Все осталось как прежде.

Джед сел на постели. Пытаясь прижаться к нему, Элизабет прошептала:

– Прости, я не хотела тебя обидеть. – В глазах ее блестели непролитые слезы. – Джед, не уходи.

Муж внимательно посмотрел на нее, и она увидела печаль в его глазах. Нежно поцеловав ее, он тихо проговорил:

– Я должен, Элизабет. Следующая вахта моя.
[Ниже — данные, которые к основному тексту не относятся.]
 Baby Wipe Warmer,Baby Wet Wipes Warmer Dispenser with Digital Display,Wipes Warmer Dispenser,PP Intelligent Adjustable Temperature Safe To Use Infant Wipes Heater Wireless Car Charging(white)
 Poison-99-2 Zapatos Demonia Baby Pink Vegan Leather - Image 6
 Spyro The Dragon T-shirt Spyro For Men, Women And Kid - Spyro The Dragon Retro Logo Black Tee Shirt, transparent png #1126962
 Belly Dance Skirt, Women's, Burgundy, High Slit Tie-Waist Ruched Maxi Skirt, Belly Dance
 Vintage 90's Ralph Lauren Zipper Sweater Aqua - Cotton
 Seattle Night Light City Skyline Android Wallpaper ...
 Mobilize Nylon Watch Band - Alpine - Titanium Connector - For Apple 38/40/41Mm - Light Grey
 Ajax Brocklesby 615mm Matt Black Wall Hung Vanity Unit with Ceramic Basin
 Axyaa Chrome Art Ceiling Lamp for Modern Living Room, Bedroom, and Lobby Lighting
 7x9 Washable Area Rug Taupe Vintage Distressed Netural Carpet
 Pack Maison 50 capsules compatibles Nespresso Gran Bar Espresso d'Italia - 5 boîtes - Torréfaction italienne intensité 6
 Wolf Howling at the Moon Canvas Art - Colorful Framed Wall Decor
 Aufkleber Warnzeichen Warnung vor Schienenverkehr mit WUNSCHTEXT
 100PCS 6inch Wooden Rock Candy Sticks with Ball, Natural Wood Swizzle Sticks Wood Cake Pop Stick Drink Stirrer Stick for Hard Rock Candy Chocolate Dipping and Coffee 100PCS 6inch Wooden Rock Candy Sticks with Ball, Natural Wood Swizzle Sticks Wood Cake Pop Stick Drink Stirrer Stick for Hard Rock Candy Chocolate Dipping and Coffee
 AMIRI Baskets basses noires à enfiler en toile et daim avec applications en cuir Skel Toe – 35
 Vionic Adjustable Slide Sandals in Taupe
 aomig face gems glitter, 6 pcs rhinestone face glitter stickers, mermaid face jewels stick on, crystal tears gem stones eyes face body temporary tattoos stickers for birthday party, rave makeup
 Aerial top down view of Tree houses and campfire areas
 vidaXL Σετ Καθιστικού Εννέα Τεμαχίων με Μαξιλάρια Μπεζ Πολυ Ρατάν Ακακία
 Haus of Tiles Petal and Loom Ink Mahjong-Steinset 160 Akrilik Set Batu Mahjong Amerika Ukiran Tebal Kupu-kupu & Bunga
Она тяжко вздохнула и опустила глаза. Мир стал прежним; на какое-то время им удалось вернуть утраченное счастье, но ничто не могло продлить это счастье. Никогда в жизни Элизабет не чувствовала себя такой усталой. Она молча кивнула – ей нечего было сказать.

Джед тоже молчал. Одевшись, он окинул взглядом комнату. Ему не хотелось покидать жену. И он, конечно же, хотел, чтобы все у них было по-другому. Но он ничего не мог изменить.

Склонившись над постелью, Джед нежно поцеловал жену в щеку и почувствовал вкус ее слез. Ему казалось, что сердце его разрывается от боли. Увы, он не мог сделать Элизабет счастливой.